Neural Network Inference Optimization Specification

Status: Complete (3 of 4 optimizations - encoder caching deferred) Priority: High (latency-sensitive) Last Updated: 2026-01-26

1. Overview

This document outlines optimization opportunities for the ONNX neural network inference pipeline used in swipe typing prediction. The target is <100ms end-to-end latency from swipe gesture completion to word prediction display.

Current Architecture

Swipe Gesture → SwipeTrajectoryProcessor → EncoderWrapper → BeamSearchEngine → Word Predictions
                     ↓                          ↓                 ↓
              Feature Extraction          ONNX Encoder      ONNX Decoder (per step)
              (~5-10ms)                   (~15-25ms)        (~10-20ms × N steps)

Key Files

File	Purpose
`onnx/BeamSearchEngine.kt`	Beam search decoding with decoder calls
`onnx/EncoderWrapper.kt`	Encoder model inference
`onnx/DecoderWrapper.kt`	Decoder model inference
`onnx/TensorFactory.kt`	Tensor creation utilities
`onnx/SessionConfigurator.kt`	ONNX Runtime session options
`onnx/SwipePredictorOrchestrator.kt`	Pipeline coordinator
`SwipeTrajectoryProcessor.kt`	Feature extraction pipeline

2. Optimization Opportunities

2.1 Tensor Reuse (High Impact) ⭐

Problem: Creating new OnnxTensor objects for every beam search step causes GC pressure and allocation overhead.

Current Code (BeamSearchEngine.kt:246-258):

// Created ONCE per step (good):
val actualSrcLengthTensor = OnnxTensor.createTensor(ortEnvironment, intArrayOf(actualSrcLength))

// Created PER BEAM (bad - 5 beams × 10 steps = 50 allocations):
for (beam in activeBeams) {
    val tgtTokens = IntArray(DECODER_SEQ_LEN) { PAD_IDX }  // NEW allocation
    // ... populate tokens ...
    val targetTokensTensor = OnnxTensor.createTensor(ortEnvironment,
        java.nio.IntBuffer.wrap(tgtTokens), longArrayOf(1, DECODER_SEQ_LEN.toLong()))
}

Impact: ~50 tensor allocations per prediction (5 beams × 10 steps)

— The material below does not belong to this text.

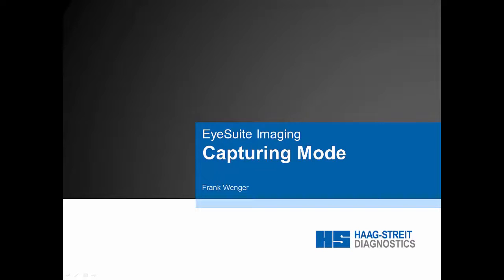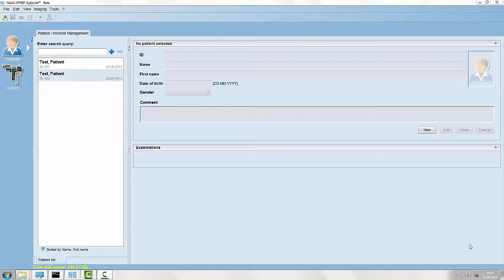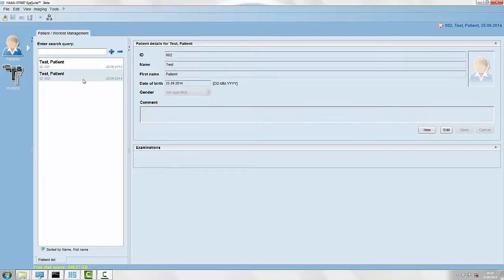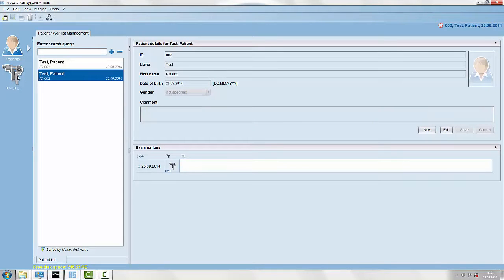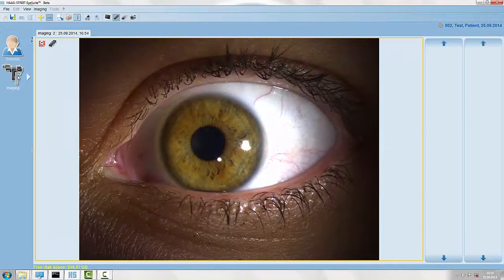This video explains the capturing mode of iSuite imaging. First we open iSuite and select the current patient. Now we click on the slit lamp icon on the left side and enter the capturing mode.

2.2 Batched Decoding (High Impact) ⭐

Problem: Sequential processing of beams makes N separate ONNX inference calls per step.

Current Code (BeamSearchEngine.kt:139-140):

// SEQUENTIAL PROCESSING (current)
val nextBeams = processSequential(activeBeams, memory, actualSrcLength, step)

Existing Infrastructure (DecoderWrapper.kt:107-168):

// ALREADY EXISTS but NOT USED by BeamSearchEngine!
fun decodeBatched(
    memory: OnnxTensor,
    beamTokens: List<List<Long>>,
    actualSrcLength: Int,
    decoderSeqLength: Int,
    step: Int = 0
): DecoderResult

Impact: 5 beams × 10 steps = 50 decoder calls → 1 call per step = 10 decoder calls (5x reduction)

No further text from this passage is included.